APCNouvelles : Le fait de devoir s’inscrire avec son nom réel modifie-t-il la façon dont les gens utilisent l’internet ?
Chacun reste libre de conserver son anonymat dans les médias sociaux, si bien que peu importe le réseau utilisé, on peut choisir de créer des comptes de médias sociaux avec son nom réel ou non. Récemment, il est arrivé qu’un employé du gouvernement accuse une personne d’encourager le terrorisme, sous couvert d’un compte anonyme. Une enquête a alors été menée pour découvrir l’auteur du compte, mais cela reste un cas isolé et il n’y a en général aucune pression de la part du gouvernement ou d’autres ministères pour exiger ce type d’information.
APCNouvelles : Avez-vous une réglementation spécifique sur la responsabilité des intermédiaires ?
La plupart des lois rigoureuses sur la responsabilité des intermédiaires en sont encore au stade de projet, et se préoccuppent principalement d’autres questions (comme la violation du droit d’auteur ou la conservation des données).
APCNouvelles : Les organisations de la société civile peuvent-elles participer au processus d‘élaboration des politiques ?
Oui, lors des audiences publiques et des solliciations de contributions, toute personne, organisation de la société civile ou autre partie prenante intéressée par la question peut apporter sa contribution. Dans le cas des projets de lois dont nous parlons, le plus souvent la consultation se fait avant leur approbation et les recommandations des parties prenantes sont souvent prises en considération.
Nous avons par exemple envoyé notre contribution au projet de loi relatif à la cybercriminalité, et certaines clauses ont effectivement été prises en compte.

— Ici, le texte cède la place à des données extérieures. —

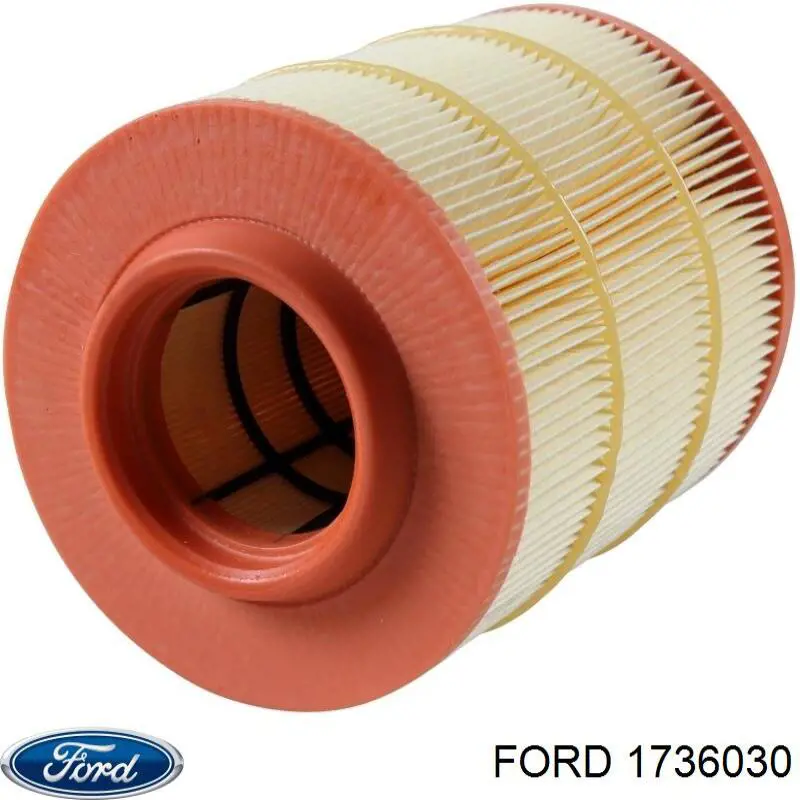 Елемент повітряного фільтра Ford 1736030 ціна, від 25.91 USD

Nous avons recommandé de ne pas exiger certaines choses des fournisseurs de télécommunications, notamment la conservation des données (y compris les données d’essai et audio) pendant trois ans. Nous avons également proposé que la loi n’exige pas aux utilisateurs de prouver leur innocence, et qu’elle exige plutôt le contraire.
APCNouvelles : Y a-t-il au Nigéria des règles d’exonération pour protéger les intermédiaires ?
Pas spécifiquement. Le gouvernement cherche surtout à obtenir la collaboration des intermédiaires. Mais il n’est pas trop tard pour introduire ce type de mesures.
La PIN travaille actuellement avec APC sur un projet concernant la migration de la diffusion traditionnelle au numérique. Le gouvernement a accepté l‘échéance de 2015 de l’UIT, mais les experts estiment que le délai ne sera pas respecté. Quelle serait selon vous la meilleure approche à adopter ?
Je ne pense pas que le gouvernement réussisse à respecter ce délai, mais il faut continuer à apporter notre soutien pour y parvenir, au moins pour accélérer le processus et s’en rapprocher autant que possible.
Peu de gens parlent de la migration au numérique, seul le secteur privé attend visiblement cette possibilité qui leur est offerte de profiter des plateformes numériques, en raison de leur moindre coût. Il s’agit donc d’une décision principalement économique, liée aux coûts et à l’accès au marché.